Edinburgh is notorious for no place to park, and once you find a spot you can practically buy a new outfit for the price to rent that little slice of real estate. The cost of our train tickets was less than one hour's parking in downtown Edinburgh.

The train hugged the coast, stopping occasionally to pick up more commuters heading to Scotland's capital city. We drifted past castle ruins and fallen-down factories. At one stop the beautiful stone train station was boarded up and for sale for the price of about $18,000.

One moment we were looking at a stunning scene with picture postcard cottages perched on cliffs, and the Firth Bridge to Edinburgh shinning off in the distance. Then we would turn a corner and there were acres of debris and rubble stretching in all directions. Another corner and we were back in paradise.

Without doubt, the most striking feature of Edinburgh is its castle. Edinburgh Castle, standing guard proudly over the city and harbor for more than 1,000 years. More than a million people visit here each year.

The castle sits at one end of the "Royal Mile," a street lined with tiny shops that links it with the Royal Palace of Holyrood House. For centuries the kings and queens of Scotland and England have traveled back and forth between the royal palace and the castle ... hence the name.
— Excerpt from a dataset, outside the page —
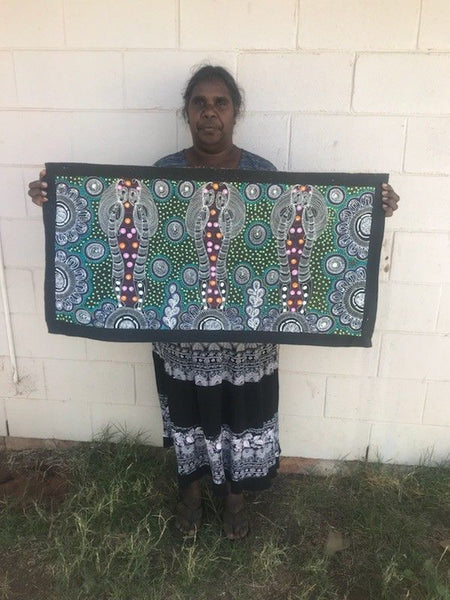 Colleen Wallace Nungarrayi holding her 'Dreamtime Sisters' painting 45x90cm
While we didn't see any royalty, we did see a guy painted up like William Wallace, the Scottish hero Braveheart, posing for pictures with wide-eyed looking children. There were also a couple of fellows in kilts playing bagpipes for a few pence. More than one person offered to pay only if they stopped playing. Bagpipes, like haggis (the national dish made with some form of animal guts), requires being born in Scotland to appreciate the quality.

Once inside the castle, it's easy to see why it was built here. In every direction the views are magnificent. The city spreads out below, flowing into all the nooks and crannies that fold into the harbor. The ancient church spires point upward from the pavement, and stand along side construction cranes that remind me that this city is constantly changing.

I struggled to locate the new Scottish Parliament building at Holyrood, but couldn't find it. For some reason I was sure it would stick out like a sore thumb. For months the British press has been taking secret delight in the ever-escalating costs of the new home to the Scottish Parliament. Originally designed to cost about £40 million (about $80 million), the costs are now over £431 million and still rising. At a price tag of around $150 for every man, woman and child in Scotland, it reminds me that nothing is too good for elected officials the world over.

Scotland is such a contrast, where the ancient merges with the new. The people are distant yet kind, generous yet frugal, cautious and adventurous. The weather is harsh, then magnificent. The landscape is stunning, then suddenly cruel.

Standing at the top of Edinburgh, staring out across this little piece of Scotland, it struck me that I understood Scotland's contrasts and their choices. That understanding seemed important as I stood there looking down at Cat as she studied the view. I found myself wondering how all of these experiences in new and different places would influence her in adulthood, and I was suddenly grateful that I had the good fortune of visiting the land of my ancestors.